=== Problem to solve ===
Set down every record below exactly as it stands, with the pictures omitted.

=== Records shown ===
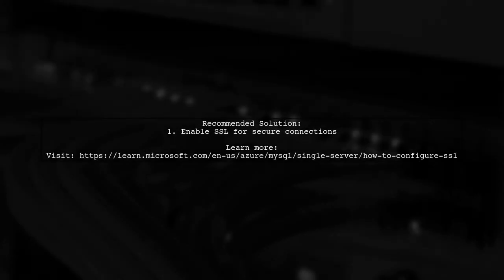For a secure connection, it's best to enable SSL. You can follow simple steps to configure SSL for your MySQL server.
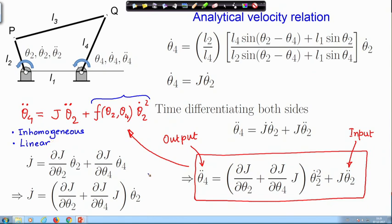Such a relation between accelerations is called inhomogeneous. The acceleration input-output relation is linear but inhomogeneous. The inhomogeneous term arises because of velocity. If the velocity is zero at that instant, the acceleration relation becomes homogeneous; otherwise it remains inhomogeneous though still linear.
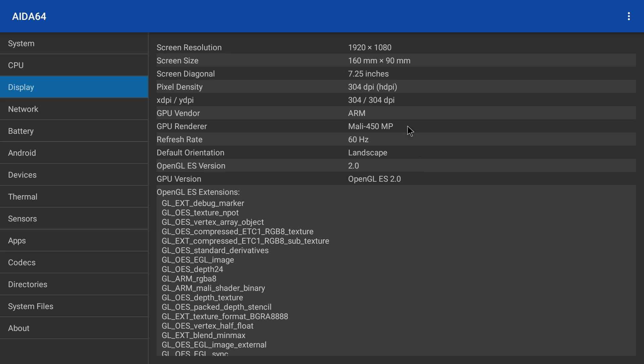For the display we have the Mali 450 MP. Now I think this is a quad core GPU. It only does OpenGL 2.0.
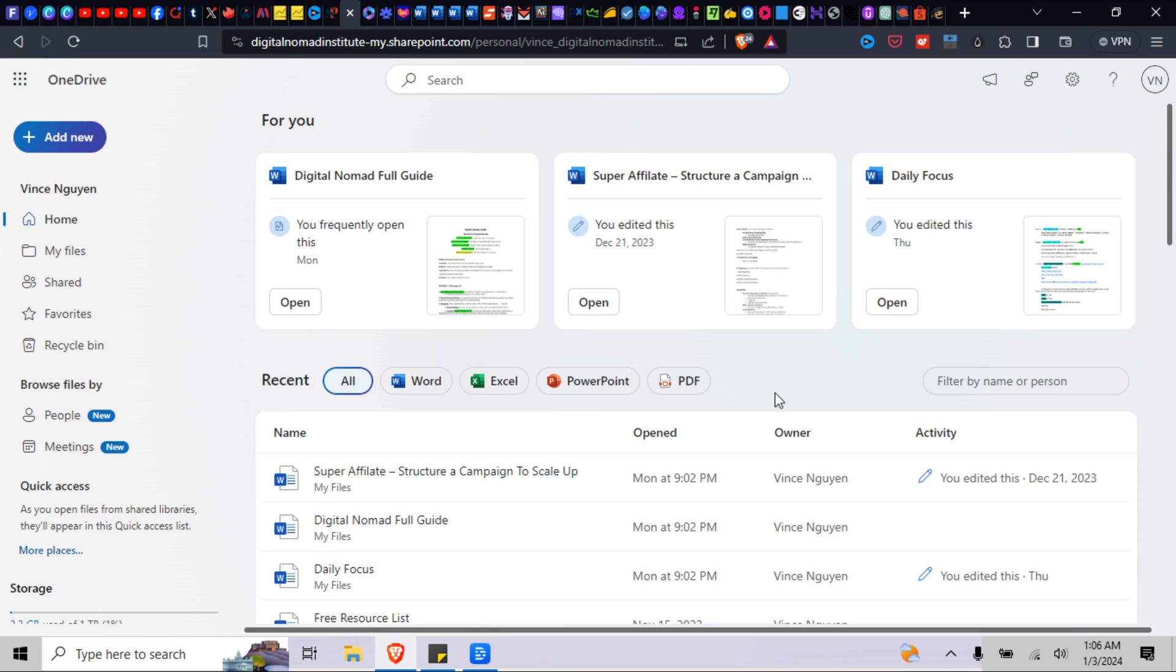So I hope this answers your question. I know it's a bit finicky to use Microsoft 365, but if I ran into this problem, I figured other people would as well. I made this guide to help everyone out.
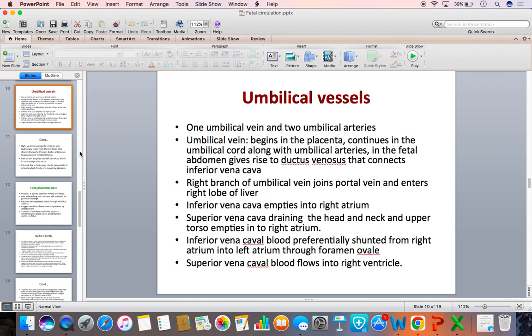From the pulmonary trunk, blood is pumped into the descending aorta through the ductus arteriosus. Only 15% of right ventricular output goes into the non-functional lungs during fetal life. So the aorta contains mixed blood — rather poorly oxygenated — and the umbilical arteries, as branches of the internal iliac artery, take this poorly oxygenated blood to the placenta for oxygenation.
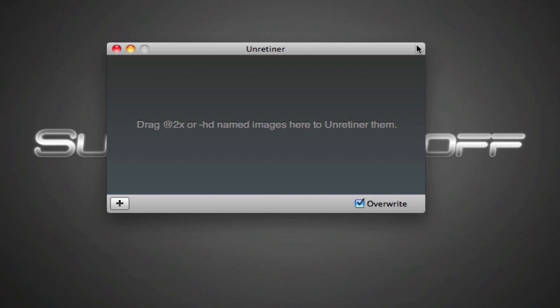One thing which can get a bit annoying for iOS developers is every time you make an image you have to export that image and then you have to change the size and export that again. And if you use a lot of different images it can get very annoying. So one useful thing to do is just to make the @2x version, and then drag and drop that version of the image into this app called Unretina. It's really simple. It just automatically exports a half-size version of your @2x image to wherever you specify.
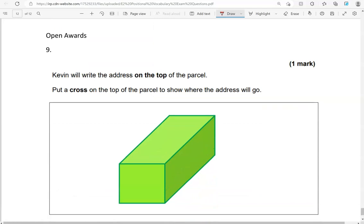Kevin will write the address on the top of the parcel. Put a cross on the top of the parcel to show where the address will go. So top of the parcel is there. And that's the end of the questions.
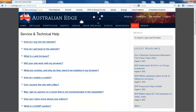This concludes our tour of the Australian Edge website. On behalf of Roger Conrad, David Dittman, and the entire Investing Daily team, we look forward to sharing many safe and profitable years together.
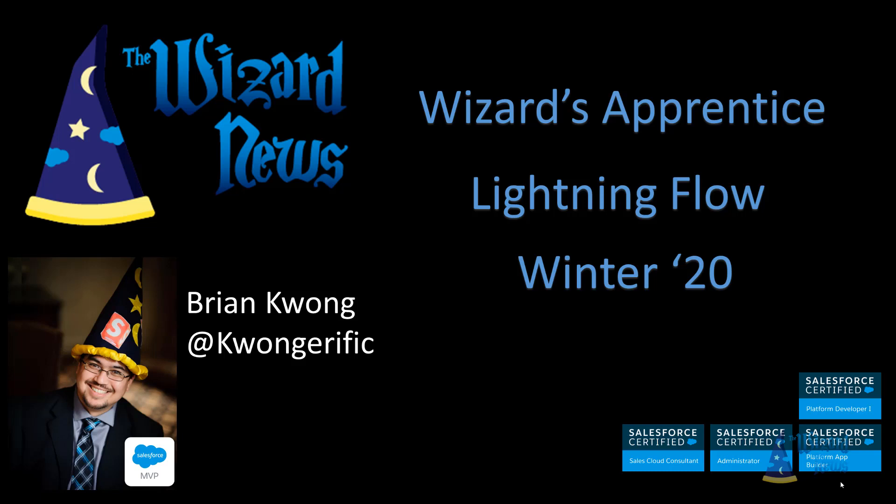Hey Flow friends! Winter 20 is almost here. It's going to start rolling out September 20th, but most people are going to get it on October 12th, 2019. There's a lot of changes coming to Flow, and I'm not going to go through every single one of them, but I want to go through some of the features that I find very interesting. Of course, you're going to want to check out the release notes for more information, or just play around with it in a Winter 20 org.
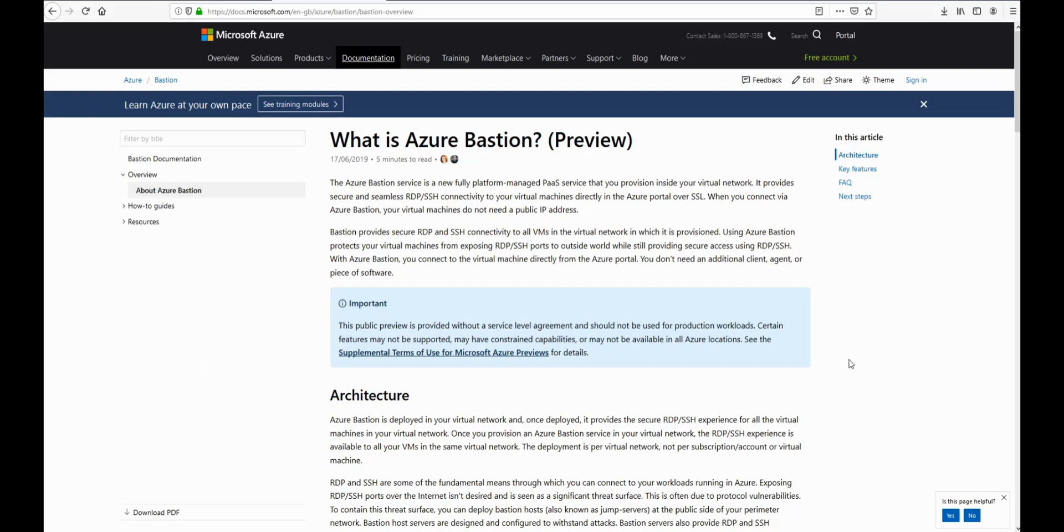Hi y'all, today we're going to talk about Azure Bastion which is currently in preview.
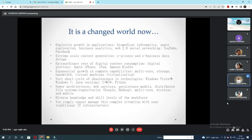It is a changed world now. Explosive growth in applications: biomedical informatics, space exploration, business analytics, Web 2.0, social networking, YouTube and Facebook. Now extreme-scale content generation, e-science and e-business data deluge. Extraordinary rate of digital content consumption.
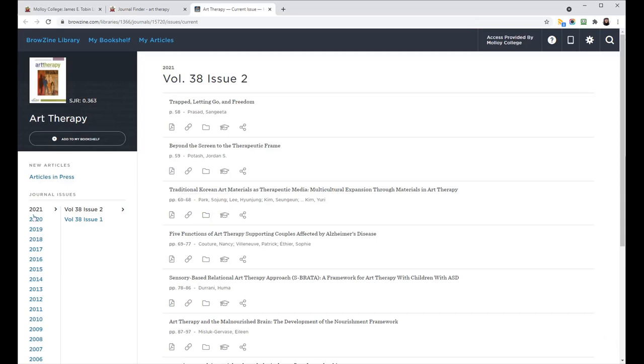And in BrowZine, anything that is highlighted blue for years, volumes or issues, those are things that the library currently has access to.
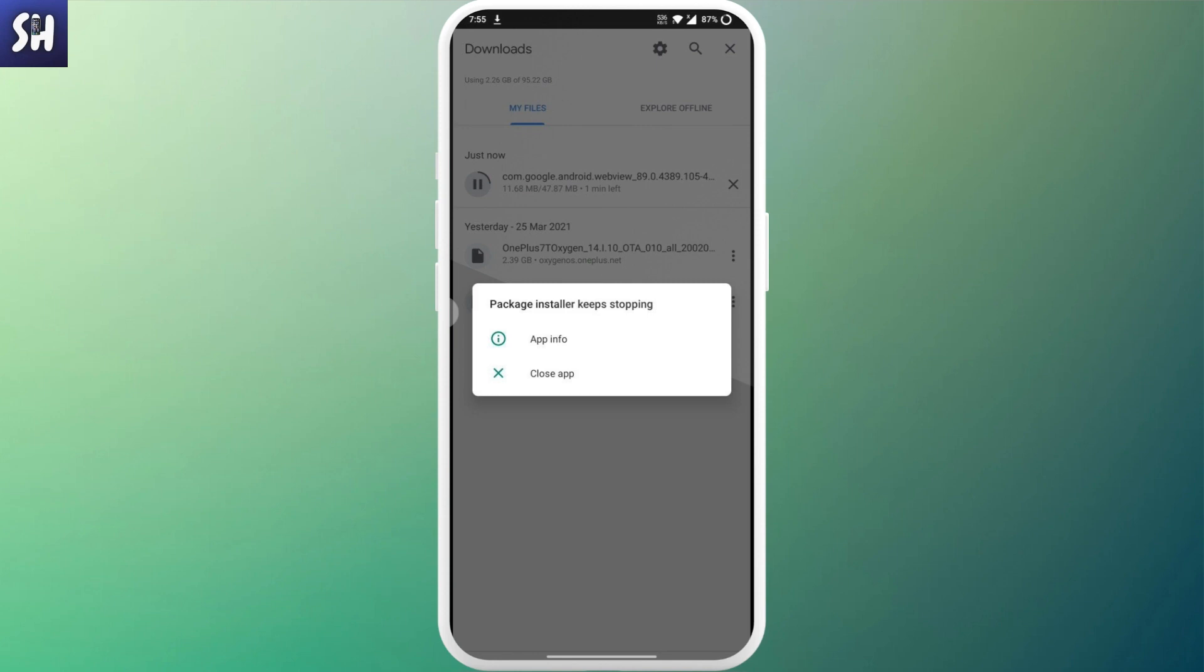Basically what you need to do is try to reboot your phone. This will close a lot of different processes and background activities. After you reboot your phone, or you might even turn it off for a minute or two and then turn it on, you need to check whether or not your package installer works.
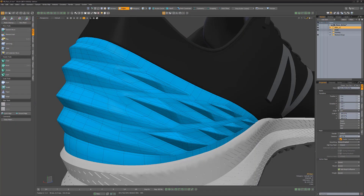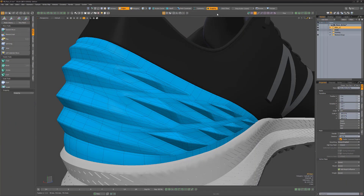When editing meshes, snapping can provide a great deal of precision. Moto snapping options enable you to snap to a variety of elements, such as verts, edges, polygons, pivots, and more.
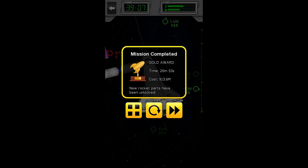We have got a gold award. And the time is 20 minutes, 53 seconds at a cost of 13.6 million dollars. Thank you all so much for watching. My name is Zira. This is the Nocturnal Gaming Network bringing you Space Agency. Have a wonderful night.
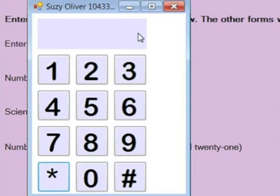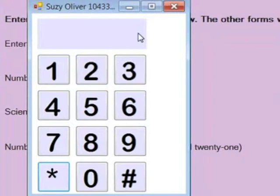I got that working pretty quickly. Also, we were supposed to make it so that the pound sign deleted the last character, and the star deleted the entire display area and started over again.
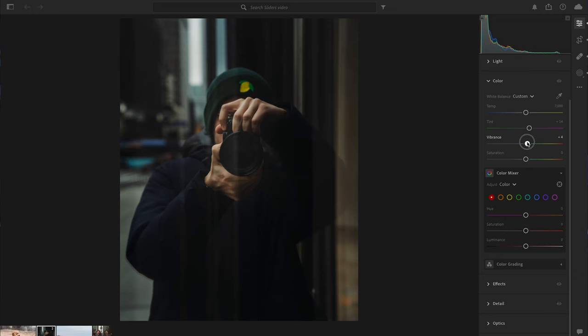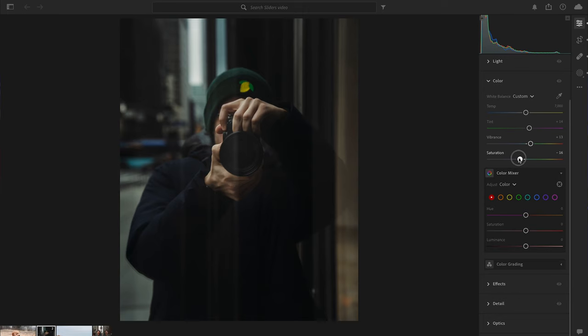Below Tint we have Vibrance and Saturation. These make your colors pop if you move right, or dim the colors if you go negative. This is a general adjustment and you don't want to go too crazy with these, because below we have the HSL sliders which are more precise. I'm going to take the Saturation down to about negative 24.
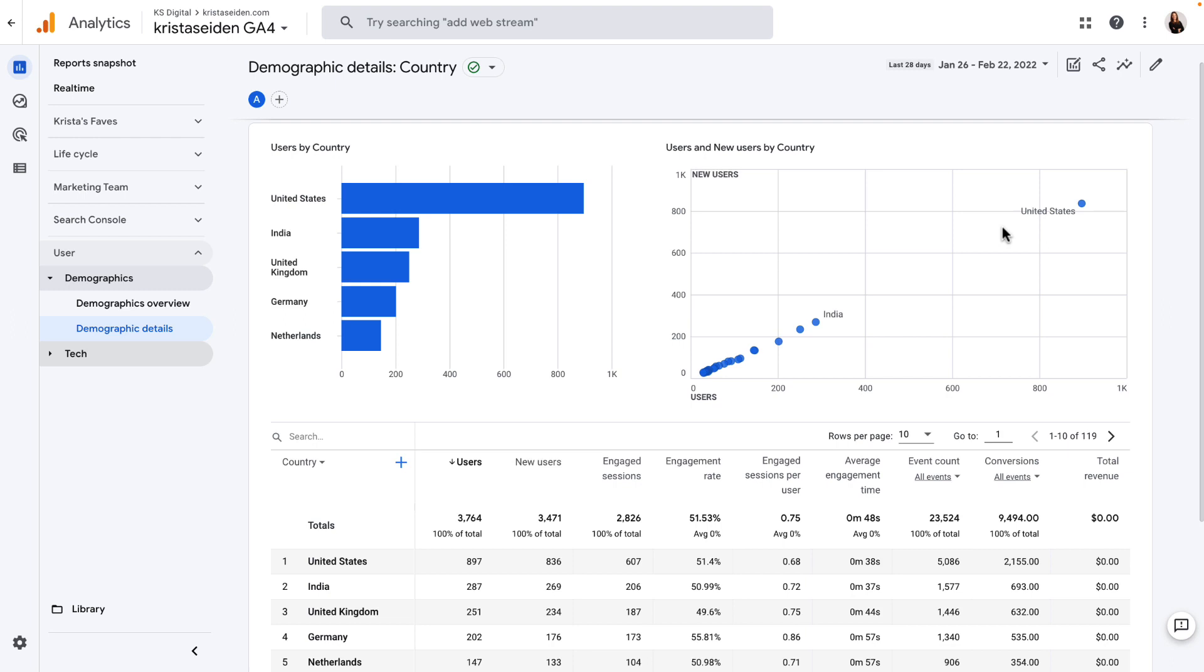Now, if you're like me, maybe you don't prefer scatterplots, or you just prefer to see this data in a different way. The good news is that in Google Analytics 4, you can actually modify which graphs and charts you're showing in your different reports.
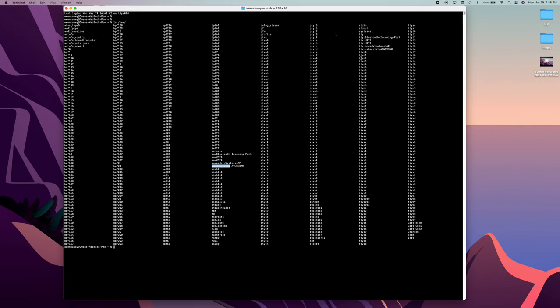So the prefix you're going to look for is TTY dot USB serial or serial USB or something like that. Again, it's going to be the only serial device you're going to have connected. So right here in my case, it is TTY dot USB serial dash the product number.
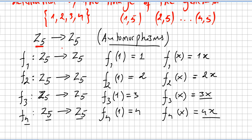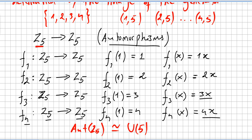The automorphisms of Z5 form a group under composition of maps, and that group is isomorphic to the group of units U(5).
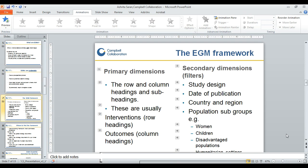Before that, I want to take you to the framework. An EGM is typically in the form of a framework, which is the primary dimension — formed by rows and columns as mentioned. Evidence and gap maps also have secondary dimensions in the form of filters, such as study designs, data publication, country, region, and population subgroup. I'll focus on population subgroup, since disability is itself an equity issue with a lot of ongoing research.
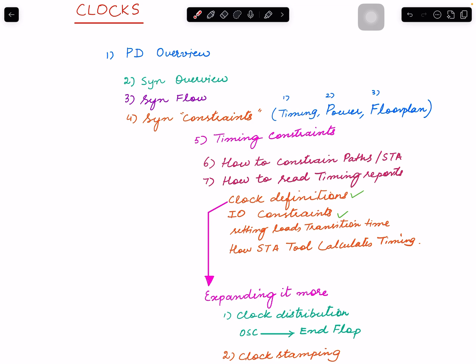Those constraints you as a designer provide - you provide timing constraints, you provide power and floorplan. Floorplan I'll go through each one of those. Power in the form of UPF, floorplan in the form of a TCL file or floorplan file.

=== Exercise solution ===
For a secure connection, it's best to enable SSL. You can follow simple steps to configure SSL for your MySQL server.
Such a relation between accelerations is called inhomogeneous. The acceleration input-output relation is linear but inhomogeneous. The inhomogeneous term arises because of velocity. If the velocity is zero at that instant, the acceleration relation becomes homogeneous; otherwise it remains inhomogeneous though still linear.
For the display we have the Mali 450 MP. Now I think this is a quad core GPU. It only does OpenGL 2.0.
So I hope this answers your question. I know it's a bit finicky to use Microsoft 365, but if I ran into this problem, I figured other people would as well. I made this guide to help everyone out.
From the pulmonary trunk, blood is pumped into the descending aorta through the ductus arteriosus. Only 15% of right ventricular output goes into the non-functional lungs during fetal life. So the aorta contains mixed blood — rather poorly oxygenated — and the umbilical arteries, as branches of the internal iliac artery, take this poorly oxygenated blood to the placenta for oxygenation.
One thing which can get a bit annoying for iOS developers is every time you make an image you have to export that image and then you have to change the size and export that again. And if you use a lot of different images it can get very annoying. So one useful thing to do is just to make the @2x version, and then drag and drop that version of the image into this app called Unretina. It's really simple. It just automatically exports a half-size version of your @2x image to wherever you specify.
Kevin will write the address on the top of the parcel. Put a cross on the top of the parcel to show where the address will go. So top of the parcel is there. And that's the end of the questions.
This concludes our tour of the Australian Edge website. On behalf of Roger Conrad, David Dittman, and the entire Investing Daily team, we look forward to sharing many safe and profitable years together.
Hey Flow friends! Winter 20 is almost here. It's going to start rolling out September 20th, but most people are going to get it on October 12th, 2019. There's a lot of changes coming to Flow, and I'm not going to go through every single one of them, but I want to go through some of the features that I find very interesting. Of course, you're going to want to check out the release notes for more information, or just play around with it in a Winter 20 org.
Hi y'all, today we're going to talk about Azure Bastion which is currently in preview.
It is a changed world now. Explosive growth in applications: biomedical informatics, space exploration, business analytics, Web 2.0, social networking, YouTube and Facebook. Now extreme-scale content generation, e-science and e-business data deluge. Extraordinary rate of digital content consumption.
And in BrowZine, anything that is highlighted blue for years, volumes or issues, those are things that the library currently has access to.
Basically what you need to do is try to reboot your phone. This will close a lot of different processes and background activities. After you reboot your phone, or you might even turn it off for a minute or two and then turn it on, you need to check whether or not your package installer works.
When editing meshes, snapping can provide a great deal of precision. Moto snapping options enable you to snap to a variety of elements, such as verts, edges, polygons, pivots, and more.
We have got a gold award. And the time is 20 minutes, 53 seconds at a cost of 13.6 million dollars. Thank you all so much for watching. My name is Zira. This is the Nocturnal Gaming Network bringing you Space Agency. Have a wonderful night.
I got that working pretty quickly. Also, we were supposed to make it so that the pound sign deleted the last character, and the star deleted the entire display area and started over again.
Below Tint we have Vibrance and Saturation. These make your colors pop if you move right, or dim the colors if you go negative. This is a general adjustment and you don't want to go too crazy with these, because below we have the HSL sliders which are more precise. I'm going to take the Saturation down to about negative 24.
Now, if you're like me, maybe you don't prefer scatterplots, or you just prefer to see this data in a different way. The good news is that in Google Analytics 4, you can actually modify which graphs and charts you're showing in your different reports.
So the prefix you're going to look for is TTY dot USB serial or serial USB or something like that. Again, it's going to be the only serial device you're going to have connected. So right here in my case, it is TTY dot USB serial dash the product number.
The automorphisms of Z5 form a group under composition of maps, and that group is isomorphic to the group of units U(5).
Before that, I want to take you to the framework. An EGM is typically in the form of a framework, which is the primary dimension — formed by rows and columns as mentioned. Evidence and gap maps also have secondary dimensions in the form of filters, such as study designs, data publication, country, region, and population subgroup. I'll focus on population subgroup, since disability is itself an equity issue with a lot of ongoing research.
Those constraints you as a designer provide - you provide timing constraints, you provide power and floorplan. Floorplan I'll go through each one of those. Power in the form of UPF, floorplan in the form of a TCL file or floorplan file.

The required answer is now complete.